Am frühen Samstagmorgen konnte die Besatzung des Rettungsschiffs SEA-EYE 5 alle 57 Menschen aus akuter Seenot retten und sicher an Bord bringen. Die Schutzsuchenden waren bereits seit mehreren Tagen auf offener See, ohne Nahrung und Wasser. Medizinische Versorgung war notwendig und die Lage an Bord wurde durch schlechte Wetterbedingungen zusätzlich erschwert. Trotzdem wiesen die italienischen Behörden der SEA-EYE 5 den weit entfernten sicheren Hafen von Crotone zu.

Die medizinische Situation nach der nächtlichen Rettung war sehr kritisch. Die 57 Personen waren tagelang unterwegs, ohne Essen und Trinken. Viele waren dehydriert, litten an sogenannten Fuel Burns – chemischen Verbrennungen durch eine Mischung aus Benzin und Salzwasser – und unter extremer Seekrankheit. Trotz sofortiger Behandlung blieb ihr Zustand kritisch. Aus medizinischer Sicht war die Situation lebensbedrohlich,“ hebt  Dr. Christin Linderkamp von German Doctors hervor, die die medizinische Versorgung auf der SEA-EYE 5 leitet.

Aufgrund der kritischen Lage an Bord, hat die Crew zweimal bei den italienischen Behörden die Zuweisung eines näheren sicheren Hafen angefragt –  beide Anträge wurden abgelehnt und die Menschen an Bord mussten weitere 50 Stunden Fahrt ausharren, in denen sie unnötig lange weiteren körperlichen und mentalen Strapazen ausgesetzt waren. 

Gestern Morgen konnten schließlich alle 57 geretteten Personen sicher in Crotone an Land gehen. Von einem Happy End ist jedoch nicht zu sprechen, wie Kai Echelmeyer, Deck Manager der aktuellen Mission auf der SEA-EYE 5 und Vorstandsmitglied von Sea-Eye betont:

Nach einer unnötig langen und riskanten Fahrt zu einem weit entfernten Hafen wurden wir bei unserer Ankunft von Frontex und der Küstenwache mit offener Ablehnung empfangen. Für uns ist es unerträglich zu sehen, dass Menschen, die gerade vor dem Ertrinken gerettet wurden, in Europa auf Misstrauen und Kälte stoßen. Auch wenn wir dankbar sind, sie in Sicherheit gebracht zu haben, bleibt das Gefühl, sie in ein feindseliges Umfeld übergeben zu müssen. Dieser Umgang mit Schutzsuchenden ist zutiefst unmenschlich.”

Sea-Eye kritisiert erneut die Praxis europäischer Behörden, zivilen Rettungsschiffen weit entfernte Häfen zuzuweisen. Diese Verzögerungen gefährden das Leben der Geretteten und stellen eine zusätzliche Belastung für Crews und medizinisches Personal dar.

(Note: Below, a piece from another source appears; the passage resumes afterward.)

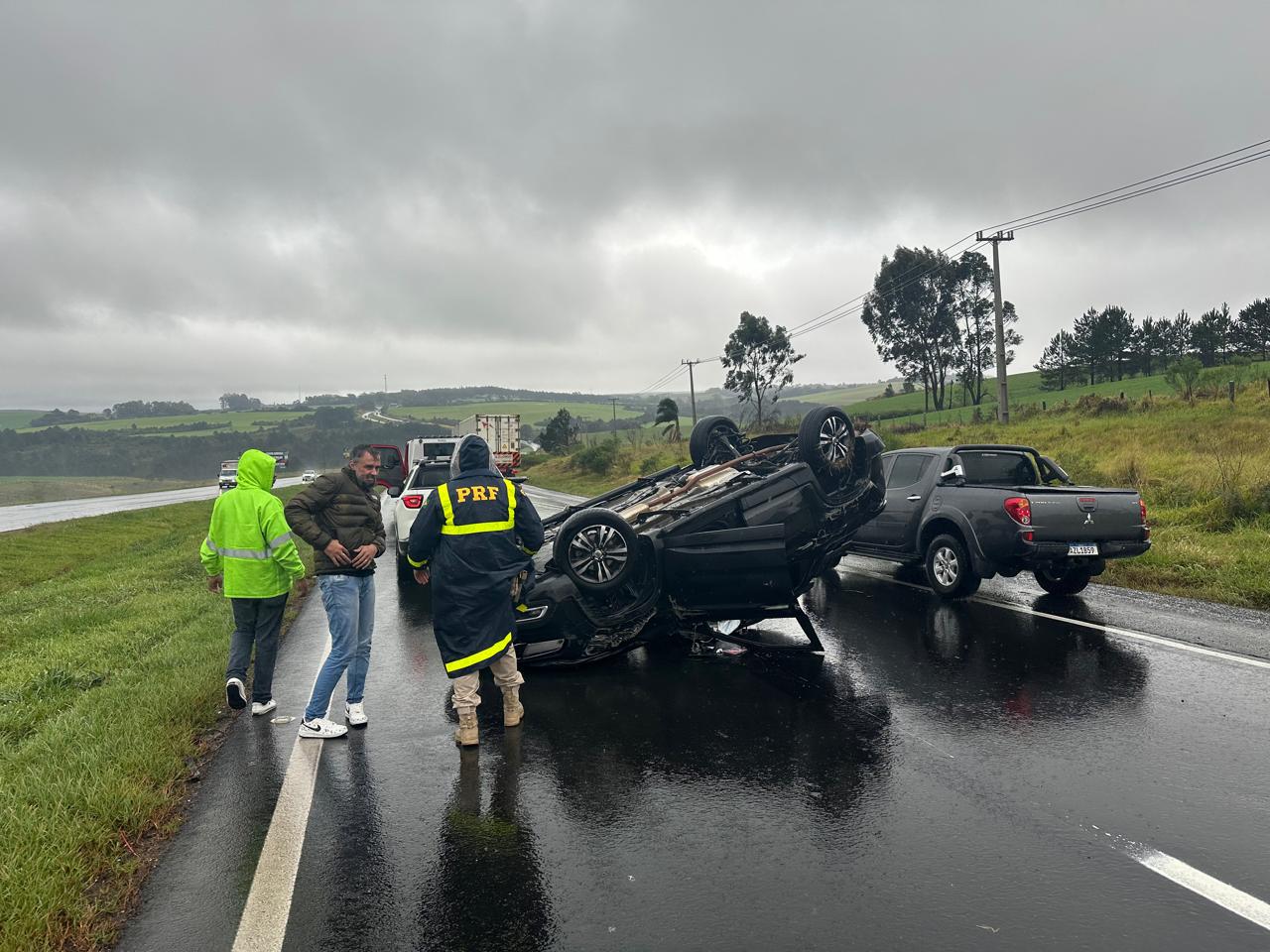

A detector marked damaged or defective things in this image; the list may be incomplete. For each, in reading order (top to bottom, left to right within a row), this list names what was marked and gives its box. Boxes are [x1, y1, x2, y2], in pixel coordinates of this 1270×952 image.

overturned black suv [510, 406, 889, 664]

Irini-Mandat soll  mit gravierender Änderung verlängert werden

Gestern wurde im Bundestag über das Irini-Mandat gesprochen. In regelmäßigen Abständen wird dieses Mandat überprüft. Vorgesehen ist dabei eine verheerende Textänderung, die es der Bundeswehr zukünftig erlauben würde, die sogenannte libysche Küstenwache auszustatten und auszubilden. In den Mandaten zuvor war aufgrund des Fehlens von Ansprechpartnern ausgesetzt.

Im aktuellen Mandat spielt diese Tatsache keine Rolle mehr. „Die politische Lage in Libyen bleibt bestimmt von einem stockenden politischen Übergangsprozess, vom Konflikt konkurrierender politischer Lager und zunehmend geteilter Institutionen in Ost und West.“ Trotz dieser Einschätzung heißt es zudem in dem neuen Mandatstext „Des Weiteren hilft die Operation den einschlägigen libyschen Einrichtungen, die für die Strafverfolgung sowie für Suche und Rettung auf See zuständig sind, beim Aufbau ihrer Kapazitäten und Schulungen im Bereich der Strafverfolgung auf See, (…)“. Was genau diese Änderungen bedeuten, wird in dem neuen Mandat nicht transparent kommuniziert und auch nicht weiter begründet. 

Die sogenannte libysche Küstenwache verstößt regelmäßig gegen Menschenrechte und wendet schwere Gewalt gegen Menschen auf der Flucht sowie die Crews auf Rettungsschiffen an. Erst in den letzten Wochen wurden vier Rettungsschiffe direkt von der sogenannten libyschen Küstenwache beschossen. Diese Schiffe fahren unter europäischen Flaggen und haben zahlreiche Menschen an Bord. Ein weiterer dramatischer Zwischenfall ereignete sich in dieser Woche mit einem Holzboot, auf dem sich 140 Menschen auf der Flucht befanden. In diesem Fall schossen libysche Milizen gezielt auf die Menschen. Eine Person liegt nun mit einer schweren Schussverletzung im Koma, zwei weitere Personen sind schwer verletzt. 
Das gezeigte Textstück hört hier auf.